# Data below

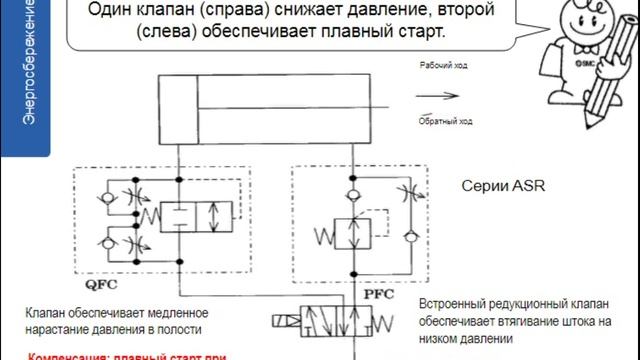 6. Энергосбережение в пневматике. Часть 2 смотреть онлайн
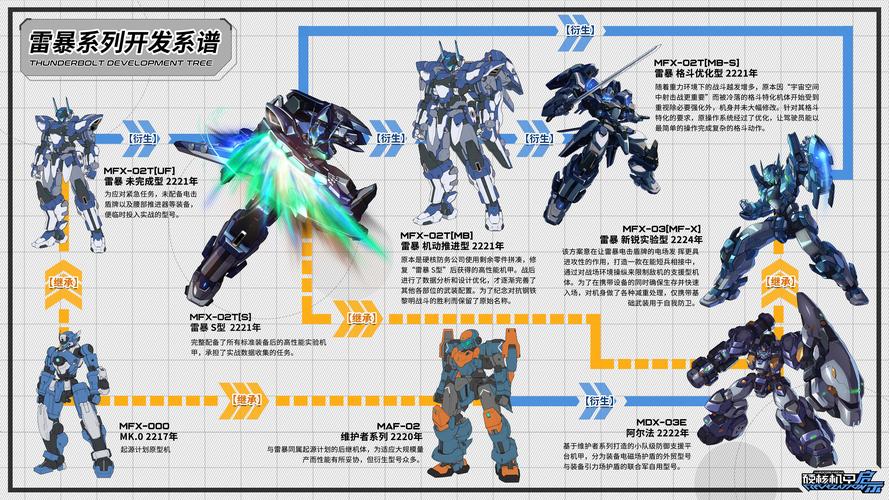 机甲学院官方网站：加入我们，一起征战星际战场！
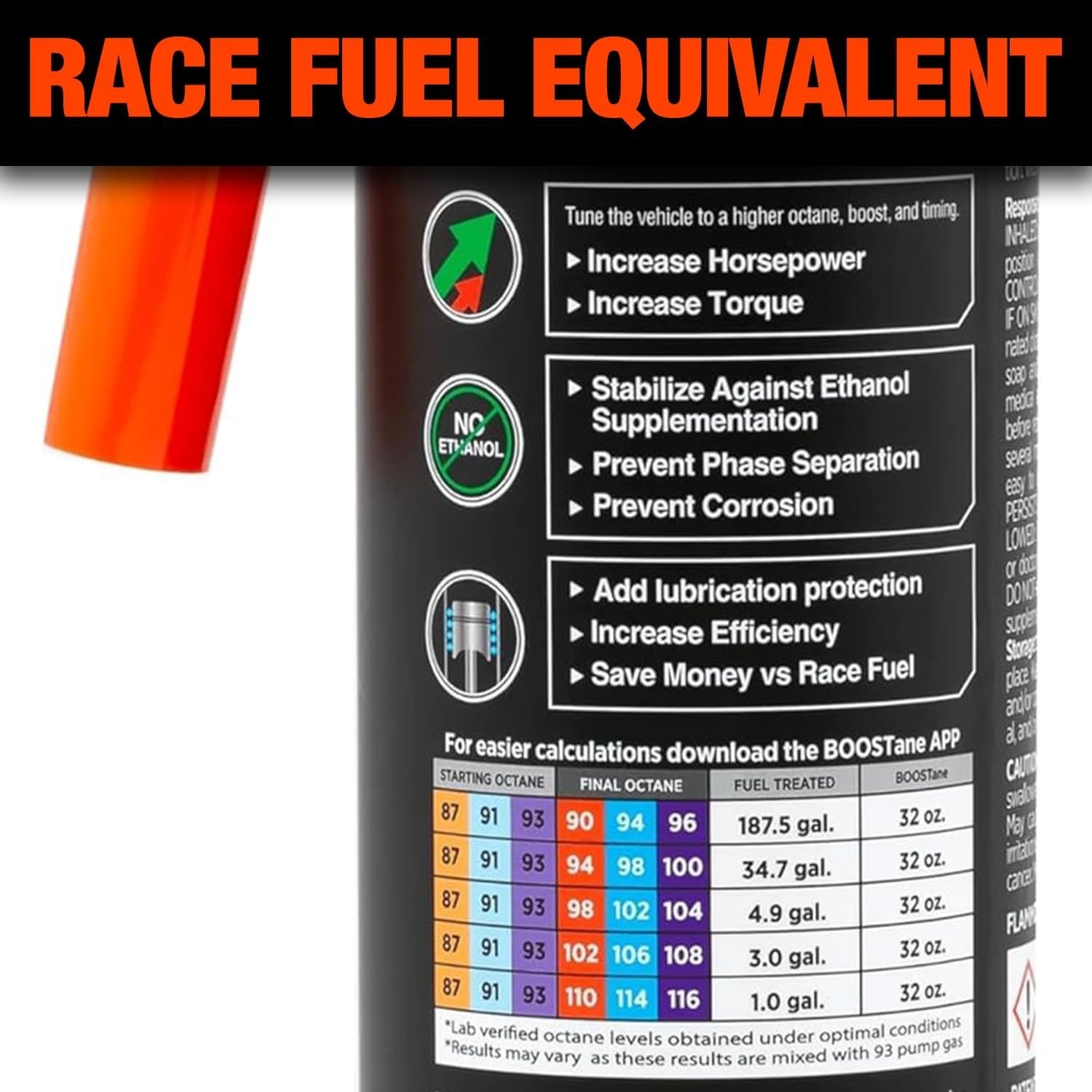 Professional Octane Booster, Formulated to Increase Octane for High-Performance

# Task goal
Output each line above exactly as it stands, omitting the pictures.

# Output
 6. Энергосбережение в пневматике. Часть 2 смотреть онлайн
 机甲学院官方网站：加入我们，一起征战星际战场！
 Professional Octane Booster, Formulated to Increase Octane for High-Performance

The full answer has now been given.